**RECORDS FOR PROCESSING:**

Content starts

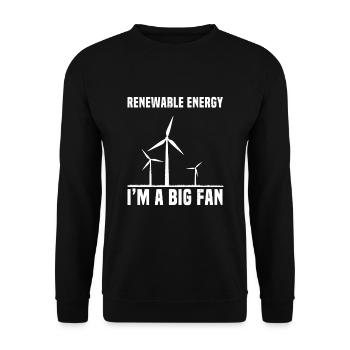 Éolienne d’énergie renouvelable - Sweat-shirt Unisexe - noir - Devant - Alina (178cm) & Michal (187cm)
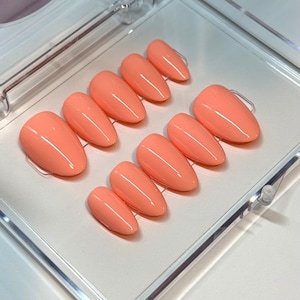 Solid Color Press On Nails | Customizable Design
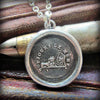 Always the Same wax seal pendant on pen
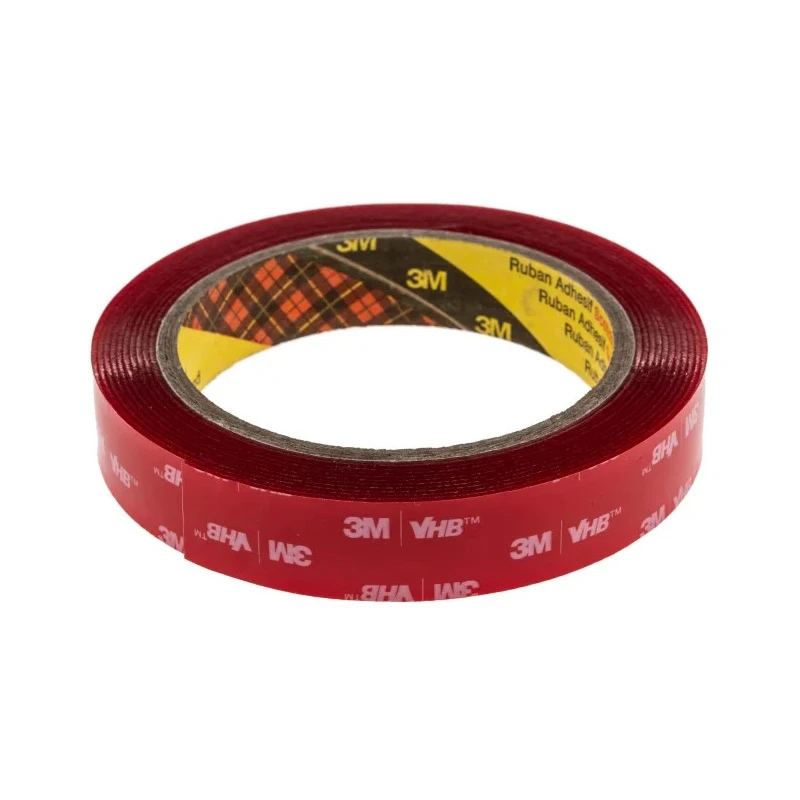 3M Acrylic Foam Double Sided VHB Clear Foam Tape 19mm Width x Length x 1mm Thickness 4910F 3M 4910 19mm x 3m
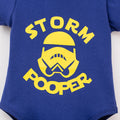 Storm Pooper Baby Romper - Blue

Content ends
Content starts

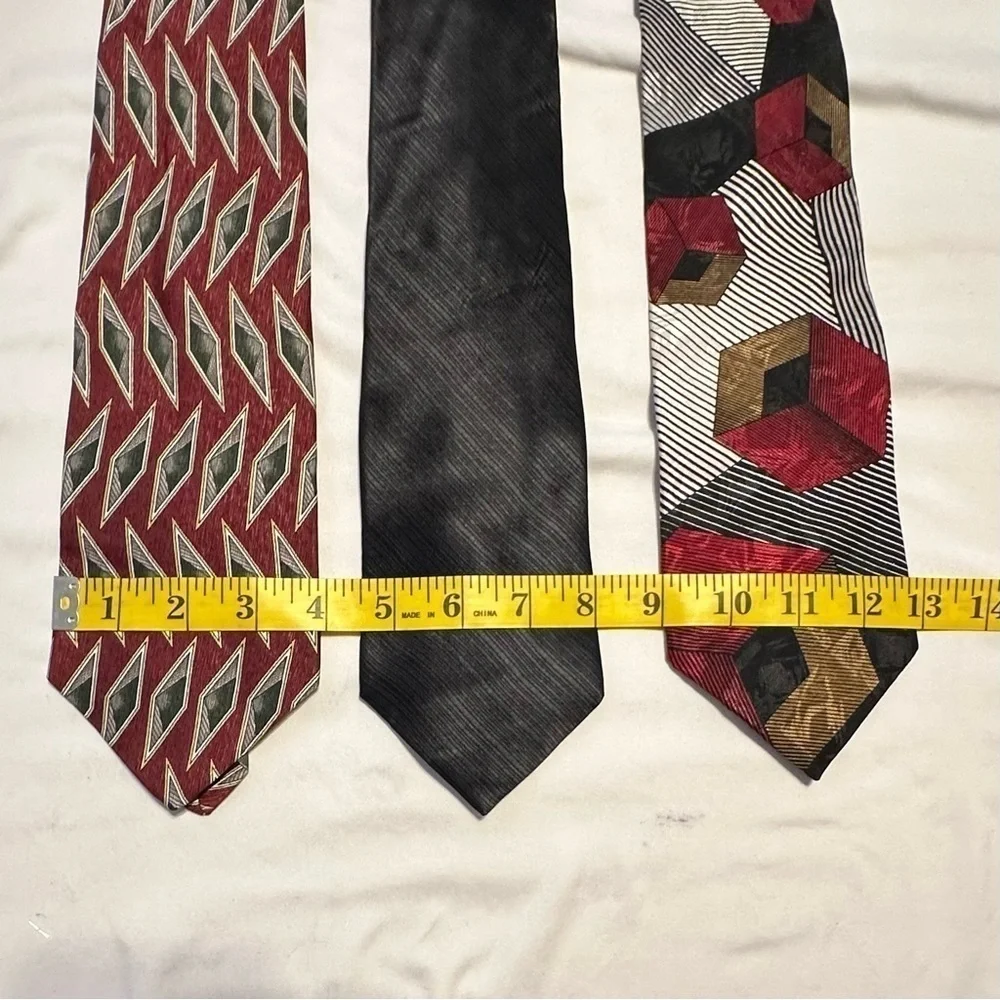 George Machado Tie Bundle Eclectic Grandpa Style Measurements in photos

Content ends
Content starts

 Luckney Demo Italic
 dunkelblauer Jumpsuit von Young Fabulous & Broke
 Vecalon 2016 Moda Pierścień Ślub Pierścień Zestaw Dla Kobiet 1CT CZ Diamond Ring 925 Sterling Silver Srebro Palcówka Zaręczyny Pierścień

Content ends

**ACTIVITY:** Look above and copy only the lines from the one holding "Éolienne d’énergie renouvelable" to the one holding "Storm Pooper Baby Romper - Blue", both included, exactly, minus the pictures.

**THE COMPLETED TASK:**
 Éolienne d’énergie renouvelable - Sweat-shirt Unisexe - noir - Devant - Alina (178cm) & Michal (187cm)
 Solid Color Press On Nails | Customizable Design
 Always the Same wax seal pendant on pen
 3M Acrylic Foam Double Sided VHB Clear Foam Tape 19mm Width x Length x 1mm Thickness 4910F 3M 4910 19mm x 3m
 Storm Pooper Baby Romper - Blue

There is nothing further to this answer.